Singapore's retail REITs show the lowest vacancies since 1Q02
They are the longer term outperformers.
According to OCBC, while office S-REITs have given the best total return YTD (average of +60%), retail SREITs are the longer term outperformers (+50% total return since the end of 2006).
Here's more from OCBC:
We believe that one of the contributors to the good performance by local retail REITs is that, among private property asset classes in Singapore, retail space in Singapore shows a lower standard deviation (1.9%) in vacancy relative to office space (3.1%) and industrial space (2.9%).
The vacancies for retail properties have also generally been the lowest of the three classes since 1Q02 and we believe the outlook for local retail REITs' operational performance remains stable.

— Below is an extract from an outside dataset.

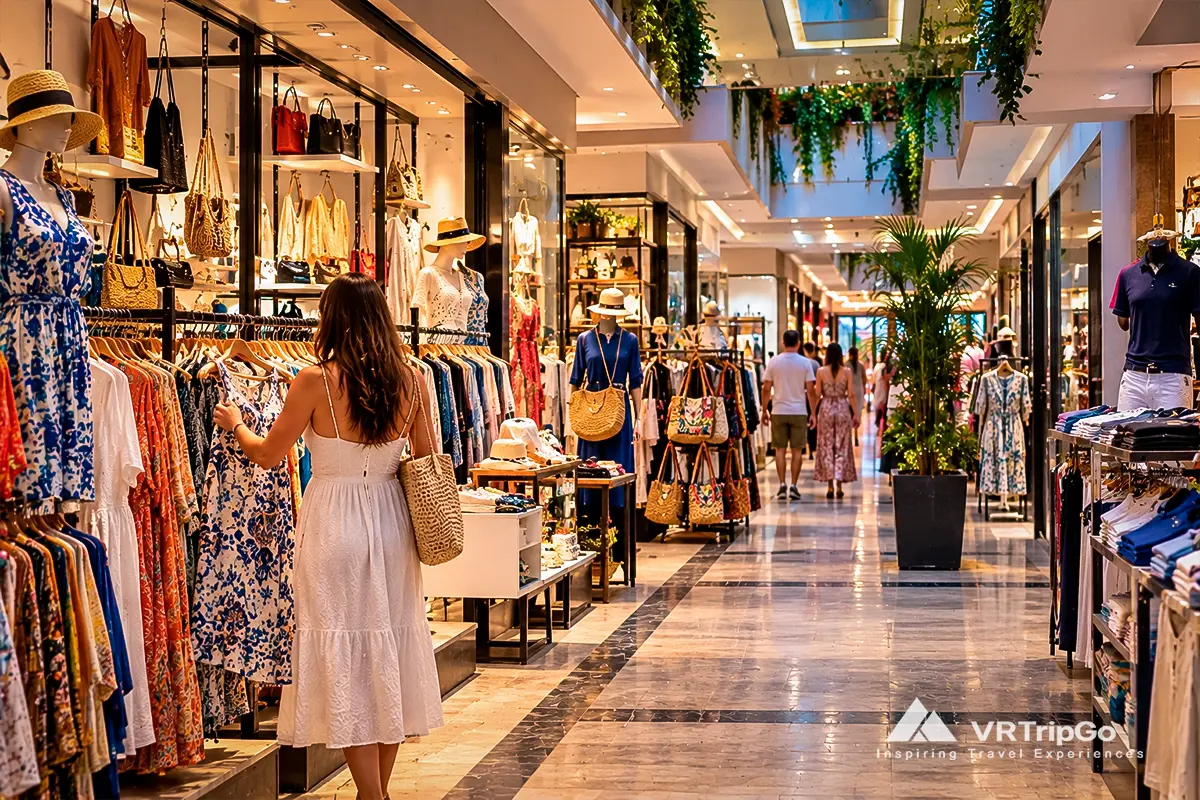 Woman browsing summer dresses in a shopping arcade in Kemer, surrounded by clothing boutiques, handbags, accessories, and modern storefronts.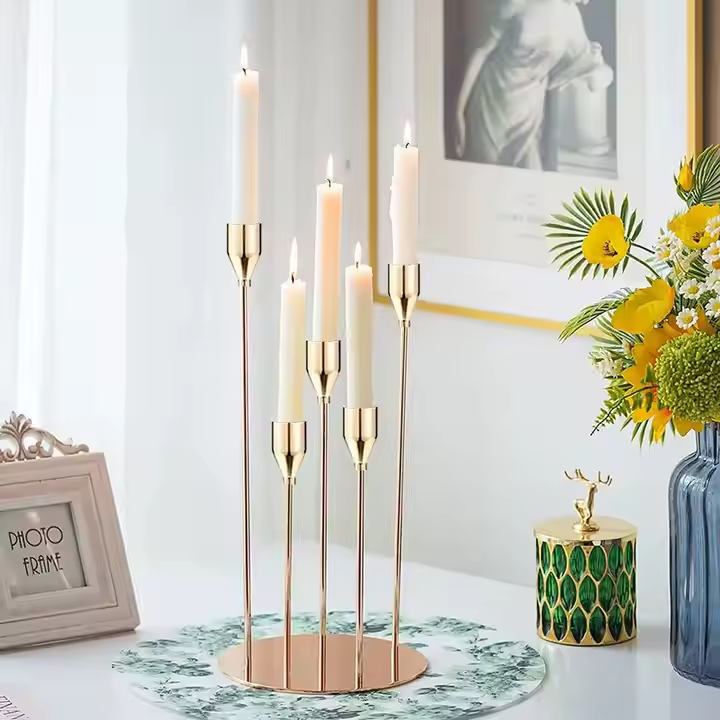 5-Arm Candelabra Taper Candle Holders – Vintage Metal Candlestick Holder for Weddings, Christmas & Dinner Tables | Elegant Black, Gold, Rose Gold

Upgrade local retail REITs to OVERWEIGHT
The local retail REIT subsector is currently trading at 1.15x P/B, as opposed to a 1.07x P/B for the overall S-REITs sector. However, we believe a premium is justified, given its status as one of the most resilient subsectors within the S-REITs space.
Moreover, we see attractive upside potential from the local REITs’ AEI activities, potential asset injection from sponsors and revaluation gains in their portfolio assets.
We retain SGREIT [BUY, FV: S$0.84] as our preferred pick among local retail REITs. We also like CMT [BUY, FV: S$2.38] and FCT [BUY, FV: S$2.13] for their suburban mall exposure, good execution and strong financial positions.
Overseas retail REITs - FRT is our top pick
We maintain our OVERWEIGHT on overseas retail REITs. We switch from CRCT [HOLD, FV:S$1.56] to FRT [BUY, FV: HK$6.63] for our preferred pick.
Despite having a 67% price appreciation YTD, we believe that FRT can still climb further, given that it is trading at a substantial discount to NAV of 25%, the deepest discount among retail S-REITs and the second largest discount among S-REITs.
We think that the assumptions underlying our valuation for FRT areconservative. We also like LMIRT [BUY, FV: S$0.52], which is trading at discount to NAV of 9%.